(no title)
Arkhaine_kupo | 3 months ago
its unsurprising that a company heavily invested in LLMs would describe clustered information as a world model, but it isnt. Transformer models, for video or text LLMs dont have the kind of stuff you would need to have a world model. They can mimic some level of consistency as long as the context window holds, but that disappears the second the information leaves that space.
In terms of human cognition it would be like the difference between short term memory, long term memory and being able to see the stuff in front of you. A human can instinctively know the relative weight, direction and size of objects and if a ball rolls behind a chair you still know its there 3 days later. A transformer model cannot do any of those things and at best can remember the ball behind the chair until enough information comes in to push it out of the context window at which point it can not reapper.
> putting a word at the end of the second line of a poem based on the rhyme they need for the last)
that is the kind of work that exists inside its conext window. Feed it a 400 page book, which any human could easily read, digest, parse and understand and make it do a single read and ask questions about different chapters. You will quickly see it make shit up that fits the information given previously and not the original text.
> We really don't know how these things tick
I don't know enough about the universe either. But if you told me that there are particles smaller than plank length and others that went faster than the speed of light then I would tell you that it cannot happen due to the basic laws of the universe. (I know there are studies on FTL neutrinos and dark matter but in general terms, if you said you saw carbon going FTL I wouldnt believe you).
Similarly, Transformer models are cool, emergent properties are super interesting to study in larger data sets. Adding tools to the side for deterministic work helps a lot, agenctic multi modal use is fun. But a transformer does not and cannot have a world model as we understand it, Yann Lecunn left facebook because he wants to work on world model AIs rather than transformer models.
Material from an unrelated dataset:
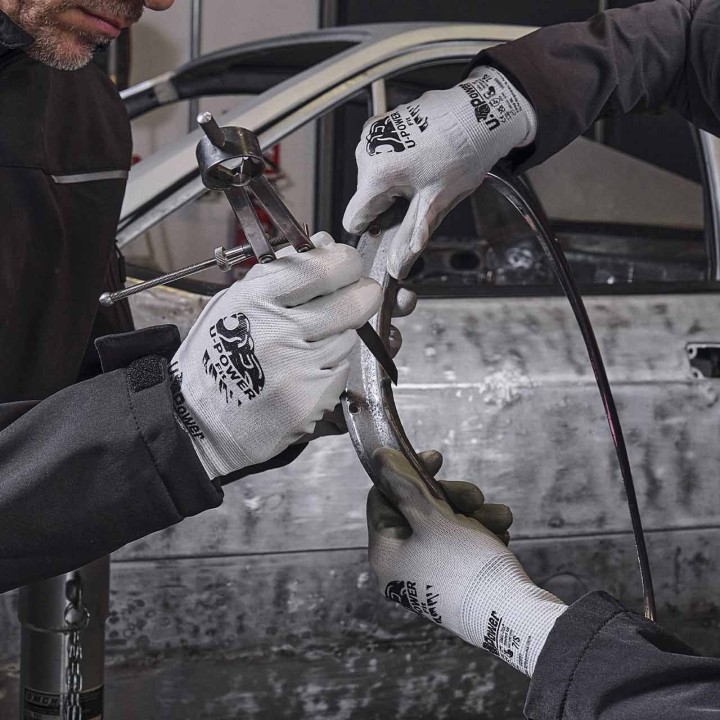 Guanti Da Lavoro Fit Bianco/Grigio U-power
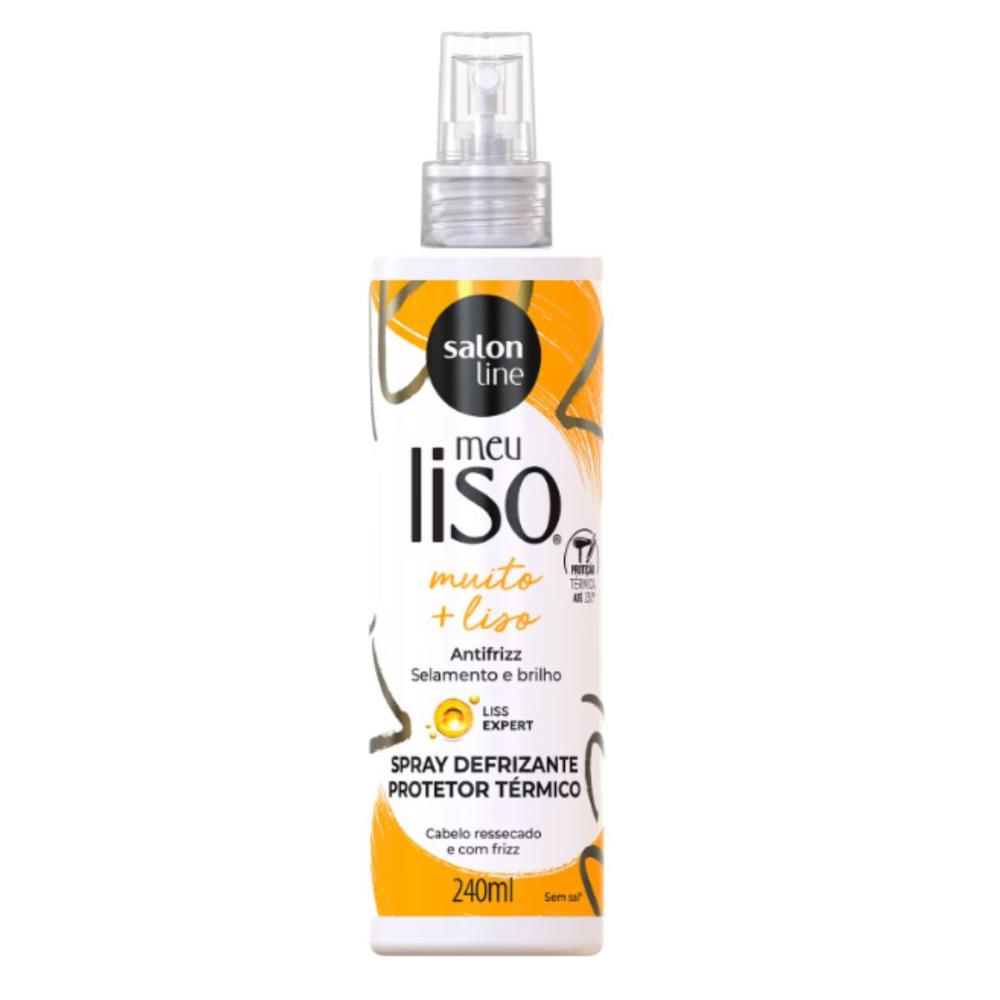 Spray Defrizante Salon Line Meu Liso Muito + Liso Protetor Térmico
> If you put a person in charge of predicting which direction a fish will be facing in 5 minutes,
what that human will never do is think the fish is gone because he went inside the castle and he lost sight of it. Something a transformer would.
ToValueFunfetti|3 months ago
Long-term memory and object permanence don't seem necessary for thought. A 1-year-old can think, as can a late-stage Alzheimers patient. Neither could get through a 400-page book, but that's irrelevant.
Listing human capabilities that LLMs don't have doesn't help unless you demonstrate these are prerequisites for thought. Helen Keller couldn't tell you the weight, direction, or size of a rolling ball, but this is not relevant to the question of whether she could think.
Can you point to the speed-of-light analogy laws that constrain how LLMs work in a way that excludes the possibility of thought?
Arkhaine_kupo|3 months ago
a world model in AI has specific definition, which is an internal representation that the AI can use to understand and simulate its environment.
> Long-term memory and object permanence don't seem necessary for thought. A 1-year-old can think, as can a late-stage Alzheimers patient
Both those cases have long term memory and object permanence, they also have a developing memory or memory issues. But the issues are not constrained by their context window. Children develop object permance in the first 8 months, and similar to distinguishing between their own body and their mothers that is them developing a world model. Toddlers are not really thinking, they are responding to stimulus, they feel huger they cry. They hear a loud sound they cry. Its not really them coming up with a plan to get fed or attention
> Listing human capabilities that LLMs don't have doesn't help unless you demonstrate these are prerequisites for thought. Helen Keller couldn't tell you the weight, direction, or size of a rolling ball
Helen Keller had understanding in her mind of what different objects were, she started communicating because she understood the word water with her teacher running her finger through her palm.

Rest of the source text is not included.